When Susan traveled to Egypt in 2009, I insisted she visit the Bibliotheca Alexandrina, built in the spirit of the ancient Library in Alexandria. With a raised eyebrow and a skeptical husband, she agreed. I learned in an email that Susan was awed by the architecture and sheer drama of the library:
But Susan also made her own connection with the children’s librarian, Shaymaa Saad,
who would become the narrator of our story.
Now she blogs on our site, expressing the hope that became real for those moments in Alexandria, that “if we try to raise our children on crossing the bridge and interacting with the other, many misunderstandings will be cleared to all our benefit.”
Our Hands connections have been serendipitous, exhilarating, goose-bumpy – and available to anyone with a tinge of curiosity. When I needed high quality photos of the library in a hurry, I wrote to a generic email address on the Library’s Facebook page and crossed my fingers.
No problem, responded Kholoud Said, and the photos were mine.
Another generic email to the British Library, seeking permission to post images of the ancient Duanhong scrolls – so similar to the ancient Egyptian ones – on our website (handsaroundthelibrary.com).
Victoria Swift emailed her permission, and now I’ll look her up the next time I am able to travel to London.
Soon (well, not so soon really…) with advance copies were in our hands, we learned that library director Ismail Serageldin was speaking in Washington. Did he have time to squeeze in a coffee?
And did he really have a suit like the one Susan snipped for him out of gray papers?
“Well, actually…pretty close.” He laughed.
To celebrate the launch of our book, we connected fourth and fifth graders in Alexandria, Virginia (Burgundy Farm Country Day School) and Alexandria, Egypt. They discovered they all like pizza and computer games, but they also learned that for all the wondrous opportunities afforded by the Bibliotheca Alexandrina, it was the American children who have multiple, free public libraries close to their homes.
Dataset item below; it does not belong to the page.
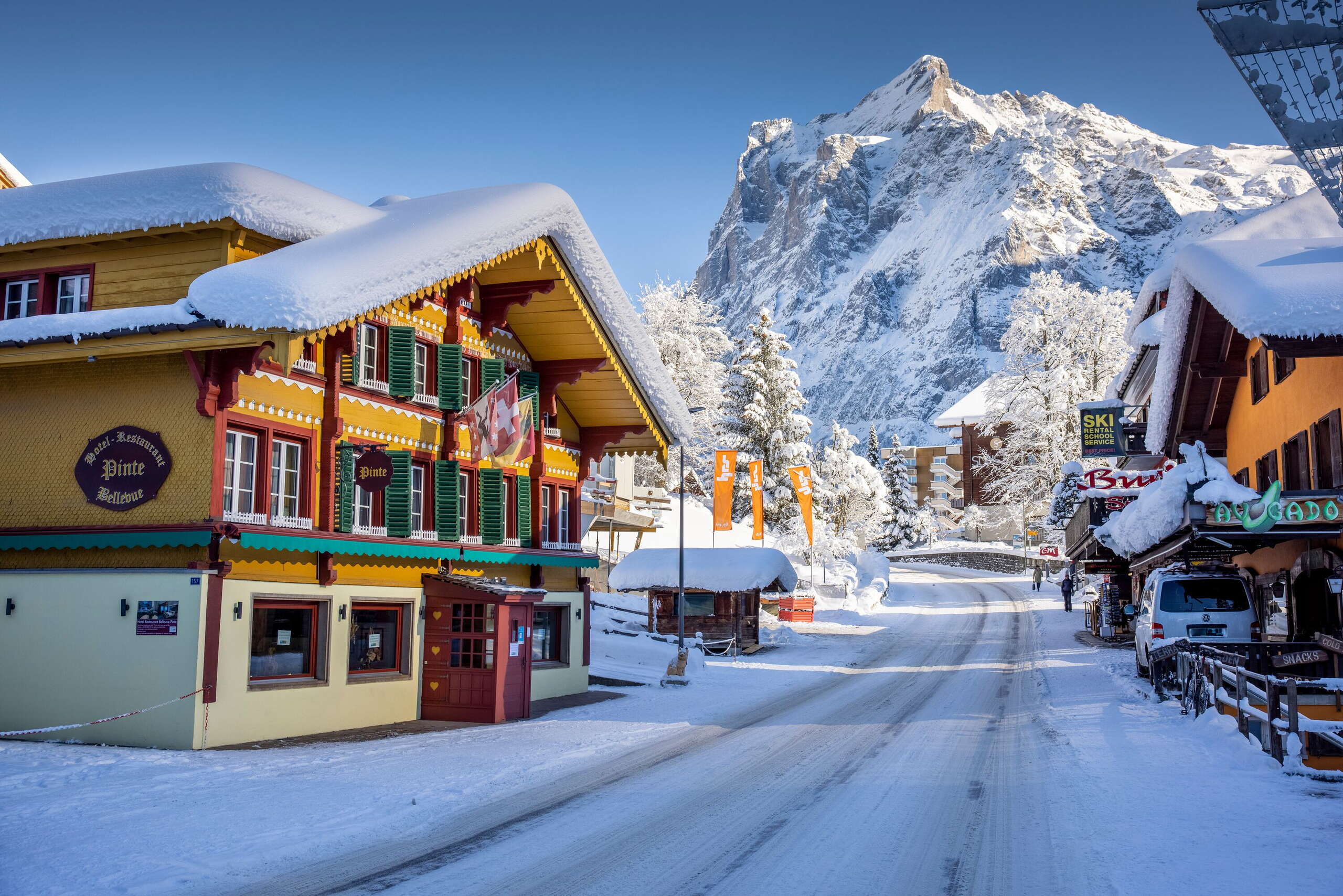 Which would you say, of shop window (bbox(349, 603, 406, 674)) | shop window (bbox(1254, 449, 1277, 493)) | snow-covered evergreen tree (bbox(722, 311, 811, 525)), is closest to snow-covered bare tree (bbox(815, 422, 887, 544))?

We are in fact, in the midst of National Friends of Libraries Week, sponsored by the ALA division United for Libraries. The two Friends groups honored with awards for innovative activities to support their libraries will be receiving signed copies of Hands Around the Library. and Friends of the Takoma Park Library in Maryland will be hosting a Hands Around the Library event on Oct. 24.
Do you know of a cool library project, in the U.S. or beyond? Let us know about it at Karen@handsaroundthelibrary.com.
The words of Andrew Carnegie still ring true: “A library outranks any other one thing a community can do to benefit its people. It is a never failing spring in the desert.”